- What is being asked:
Reproduce nothing but the lines from the start of the material through the line that includes "50PCS Camping Stickers", both ends included, and omit every picture.
+++ Available data
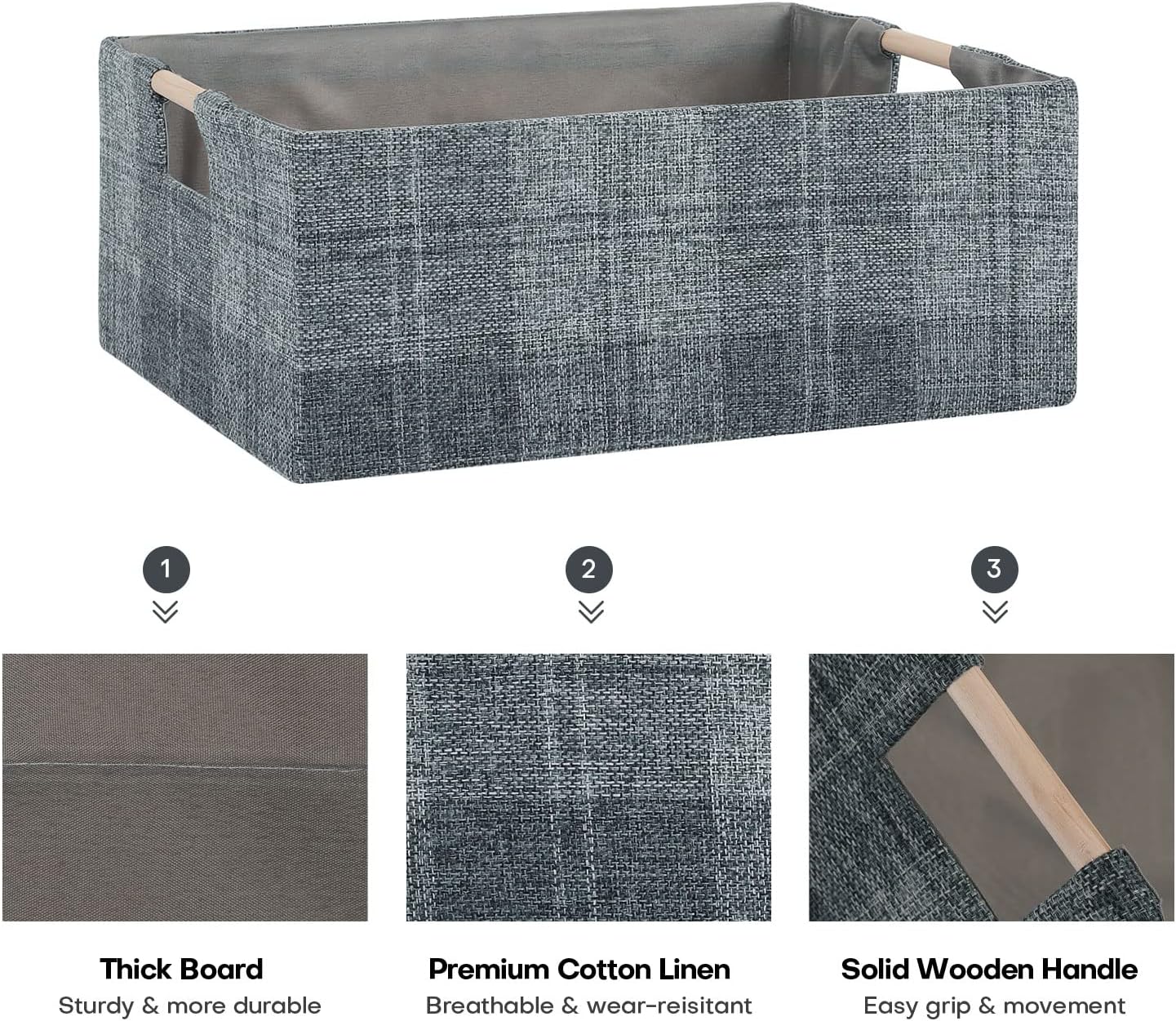 Fabric Storage Bin Box, Collapsible Cotton Linen Cube with Wooden Handles - Decorative Organizer for Clothes and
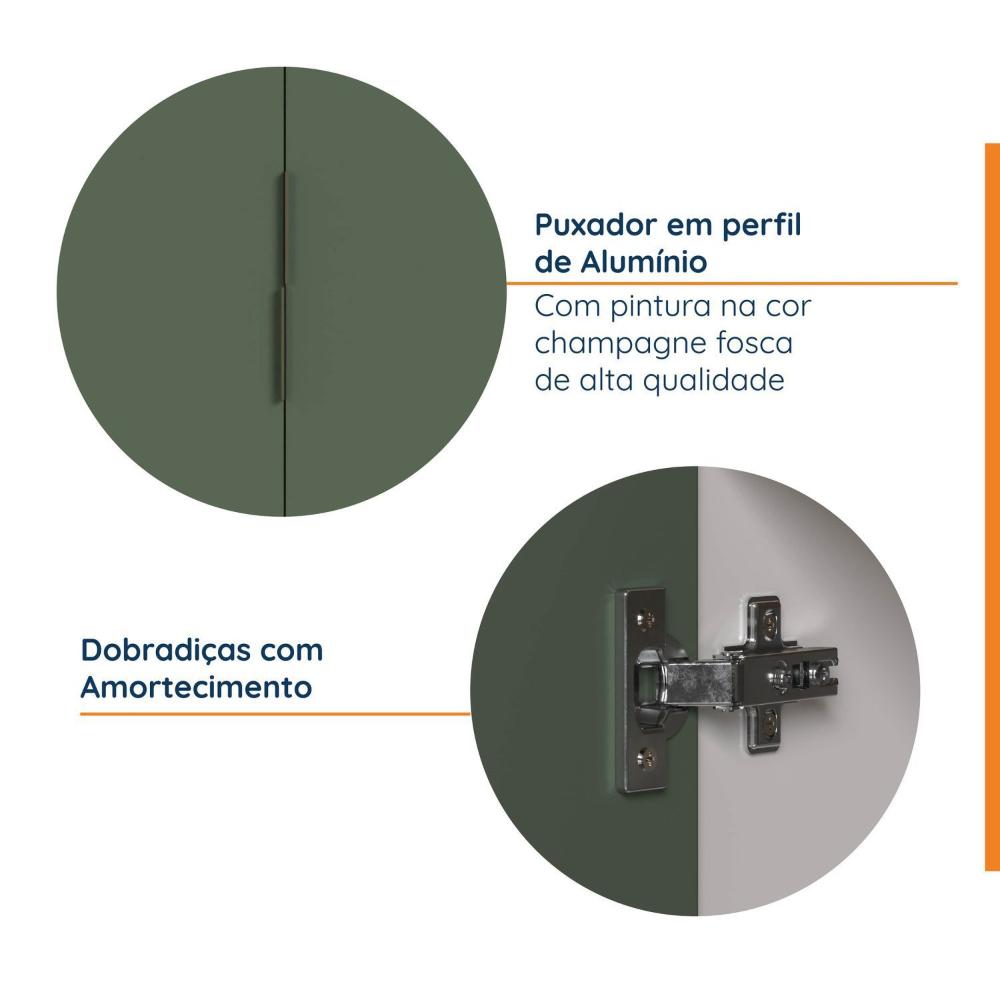 Armário Aéreo 2 Portas 80x135cm Puxador 150mm Ipanema CabeCasa MadeiraMadeira Verde Folha/Branco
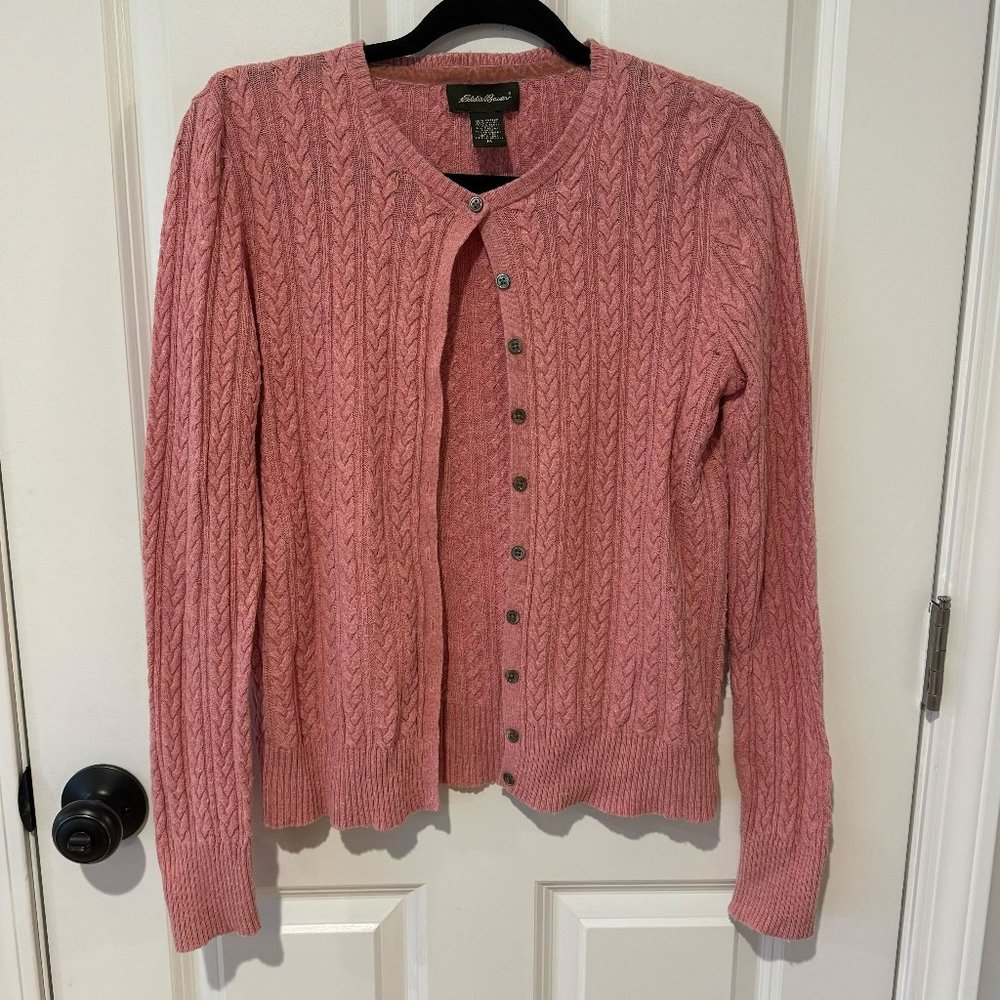 Pink Eddie Bauer Button‎ Cardigan - Size Medium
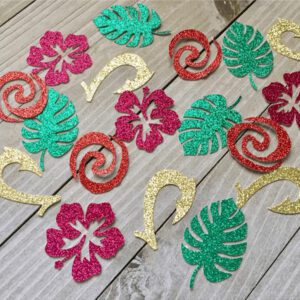 100/200pcs Hawaiian Luau Confetti Table DecorationsSummer Table Confetti Tropical Flowers Leaves PineapplesAloha Hawaiian Luau Party Decorations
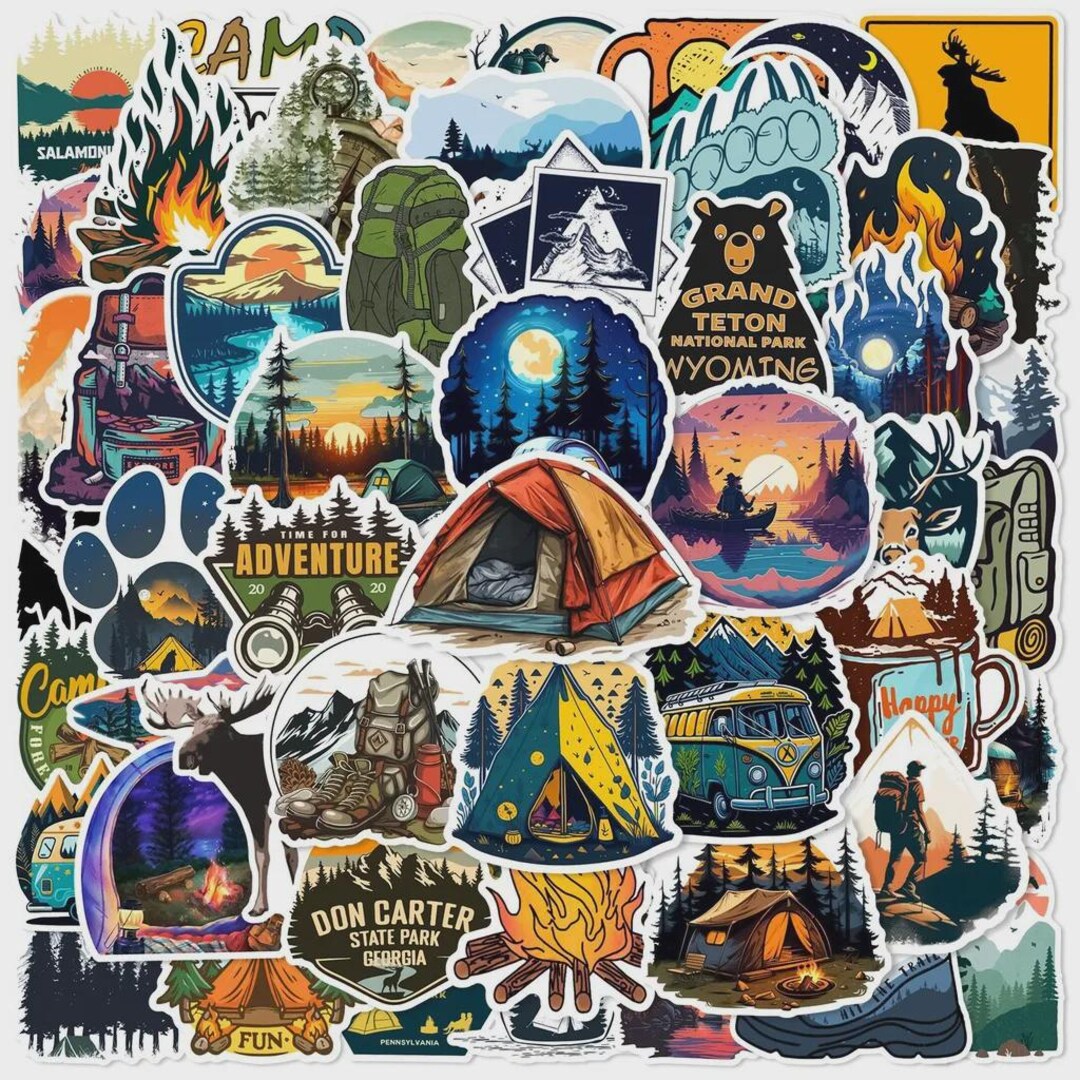 50PCS Camping Stickers – Adventure Waterproof Vinyl Set Outdoor ...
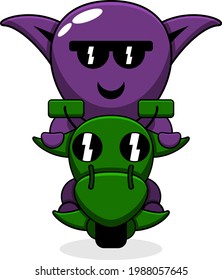 vector simple cartoon character purple goblin riding a motorcycle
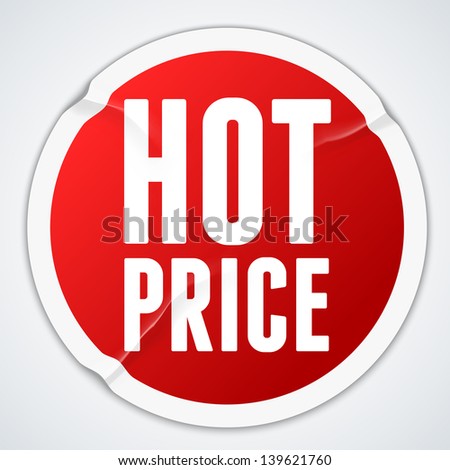 Hot price - red wrinkled sticker - eps10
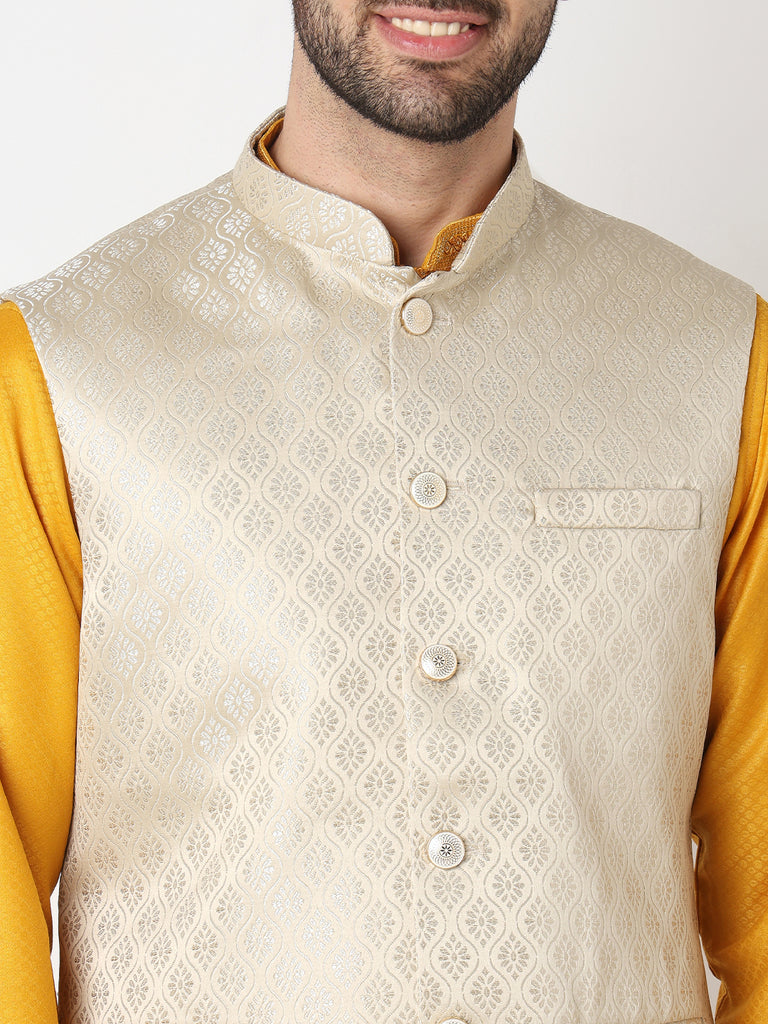 Jacquard Straight Sleeveless Jacket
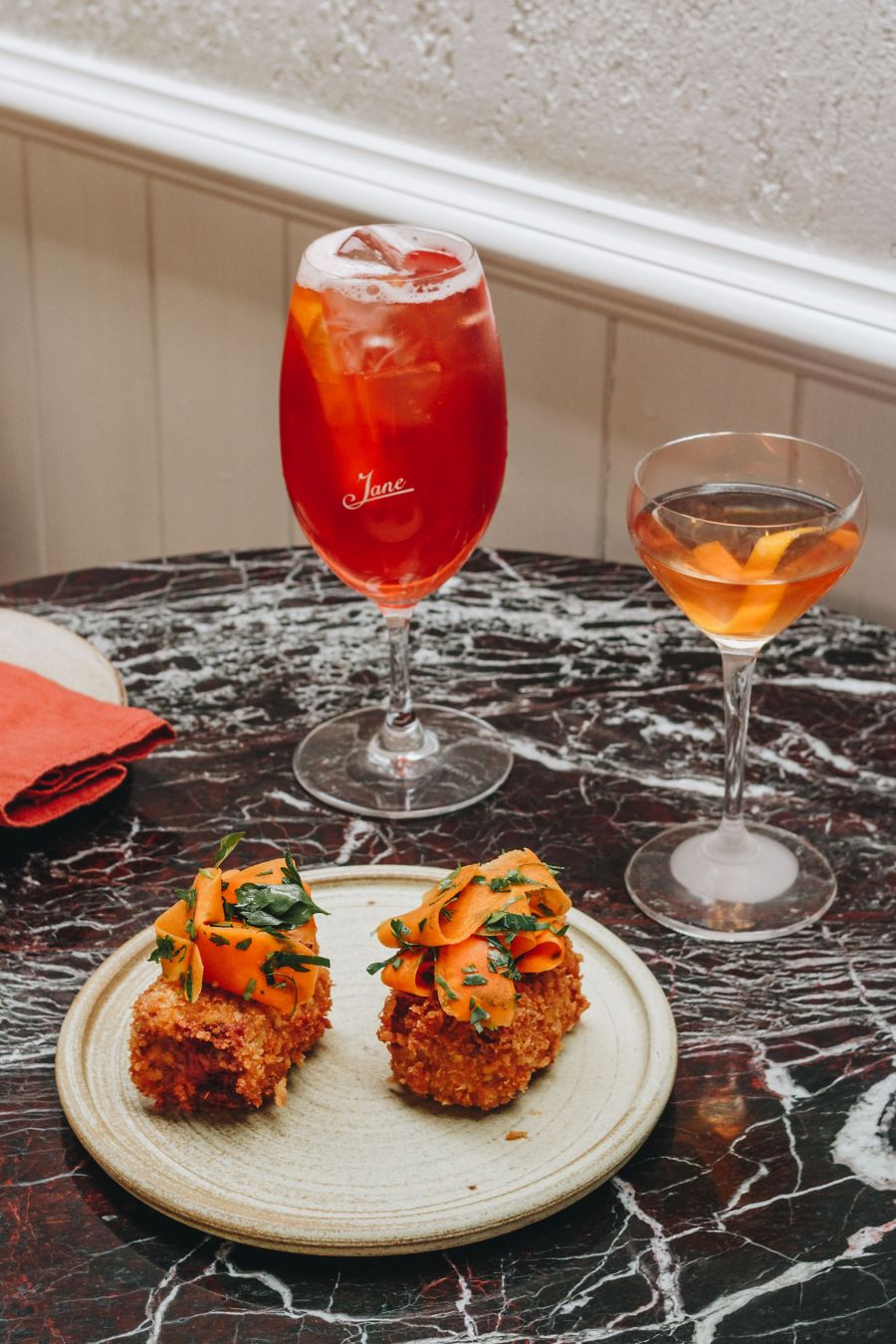 Snacks and drinks served up at Jane in Sydney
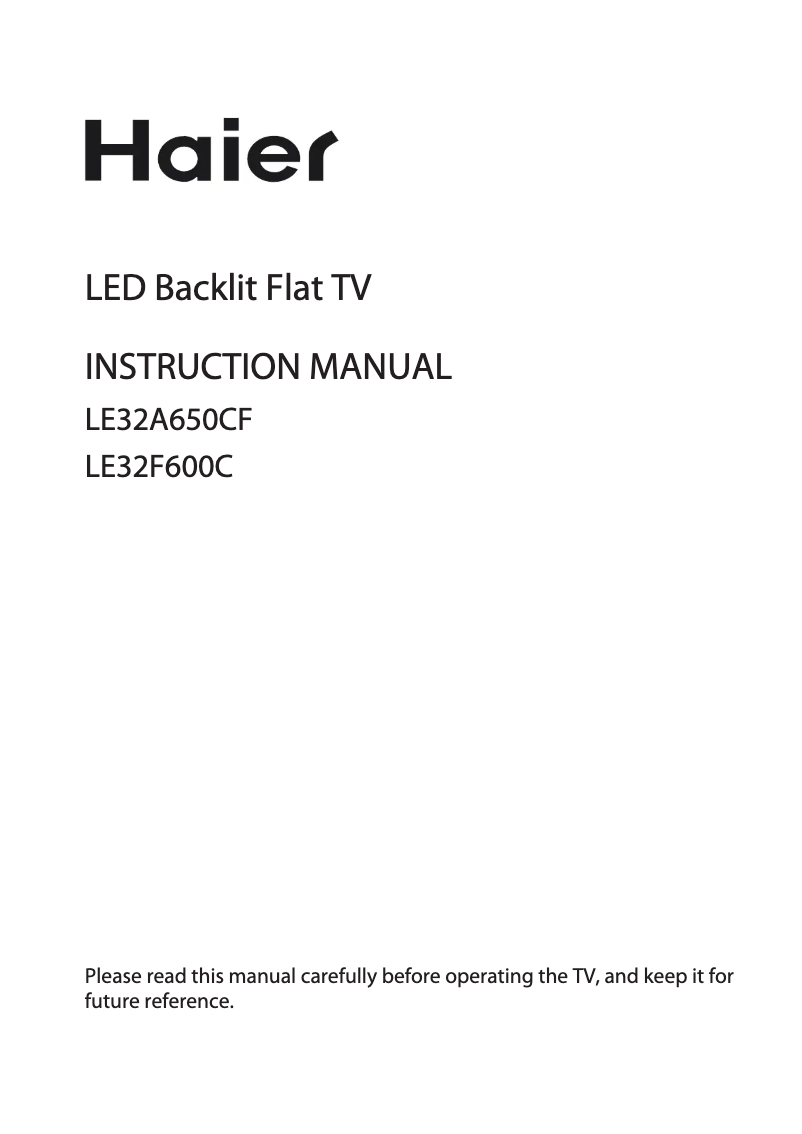 First page image of the manual for LE32F600C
++++++
- Answer box:
 Fabric Storage Bin Box, Collapsible Cotton Linen Cube with Wooden Handles - Decorative Organizer for Clothes and
 Armário Aéreo 2 Portas 80x135cm Puxador 150mm Ipanema CabeCasa MadeiraMadeira Verde Folha/Branco
 Pink Eddie Bauer Button‎ Cardigan - Size Medium
 100/200pcs Hawaiian Luau Confetti Table DecorationsSummer Table Confetti Tropical Flowers Leaves PineapplesAloha Hawaiian Luau Party Decorations
 50PCS Camping Stickers – Adventure Waterproof Vinyl Set Outdoor ...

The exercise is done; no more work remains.